Jon Bentley's Programming Pearls describes the following pipeline for finding anagrams from a list of words: generate a signature for the word, then group together all words with the same signature. The signature is just a sorted list of all letters in a word. For instance, dame, edam, made and mead all have the same signature adem.

Associative Arrays

To implement an anagram-finder in PowerShell, let's use an associative array and we store the signatures in the keys and each word that has the same signature is stored in an array related to that key. Below is a concrete example of what we plan to do:

> $a = @{adem:("dame","edam","made","mead")}
> $a
Name                           Value
----                           -----
adem                           {dame, edam, made, mead}

Notes

  • The key for an associative array does not have to be quoted if it is a string without a whitespace.
  • Oddly, arrays in the value column are printed delimited by braces instead of parentheses.

Generating Word Signatures

A word signature is just a string with the letters in the original word sorted. We split a string into a char[] type, sort it, then make it into a string again:

> $sig = [string]("edam".ToCharArray() | sort-object)
> $sig
a d e m
> $sig.length
7

Note that the signature sig is a string with a space between each character.

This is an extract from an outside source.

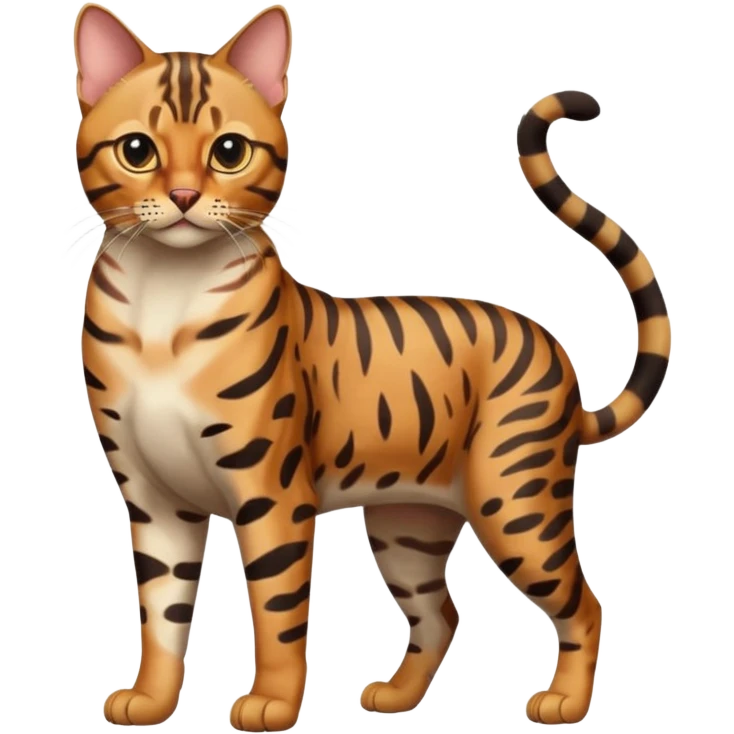 full body of bengal cat, front view emoji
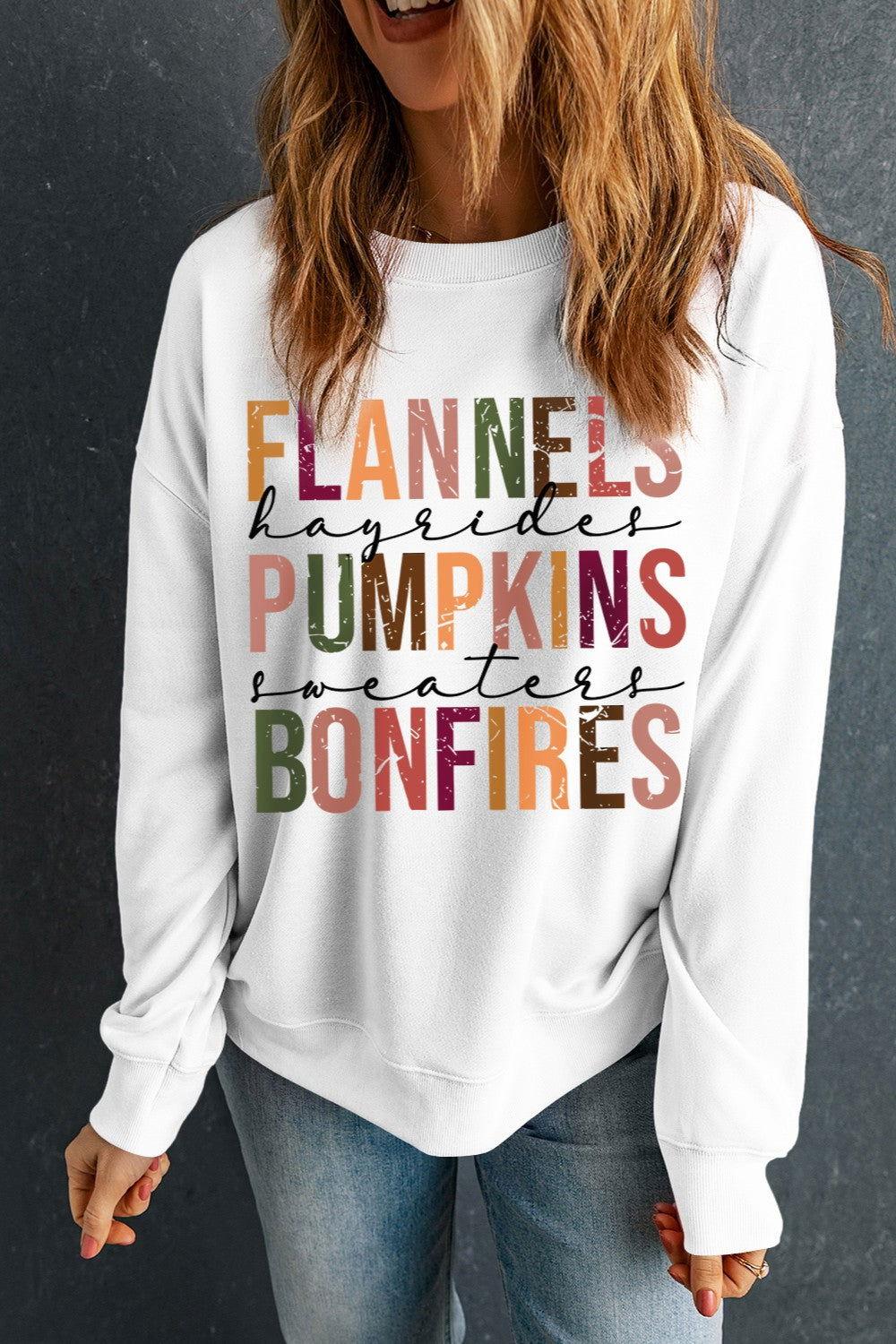 Letter Graphic Round Neck Long Sleeve Sweatshirt - Clothes For Her Online Store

We can prettify the signature but it doesn't hurt because all the signatures will have the same format.

Find Anagrams in a Word List

Now that we can create a signature, we can find all anagrams in a word list by assigning each word's signature as a key in the associative array's value and adding the word to that key's array:

> get-content <test.txt> | foreach-object { $h = @{} } { $t = $_.clone(); $sig = [string]($t.ToCharArray() | sort-object); if (!$h.containsKey($sig)) { $h[$sig] = @() } $h[$sig] += $t } { $h }

Name                           Value
----                           -----
adem                           {dame, edam, made, mead}

Let's decompose this longish statement to understand what it is doing:

get-content <test.txt> |
Send every line in the input file into a pipeline.
foreach-object
Apply some operation on each object in the pipeline.
{ $h = @{} }
Initialize the associative array h in the begin script block.
{ process block }
Here is where words with the same signature are grouped together in the associative array.
$t = $_.clone();
Copy the input word from the current pipeline object before it is overwritten in the next statement.
$sig = [string]($t.ToCharArray() | sort-object);
Get the signature of the input word.
if (!$h.containsKey($sig)) { $h[$sig] = @() }
Create an array of anagrams if the signature does not already exist.
$h[$sig] += $t
Add the current word to the array of anagrams.
{ $h }
Output the associative array h in the end script block.

Conclusion

This article presented an imperative approach to grouping data with the same property using a loop and an associative array. You could apply the same style to any programming language and get the same result. In a future article, I will explore how to use a more streamlined approach to solve similar problems.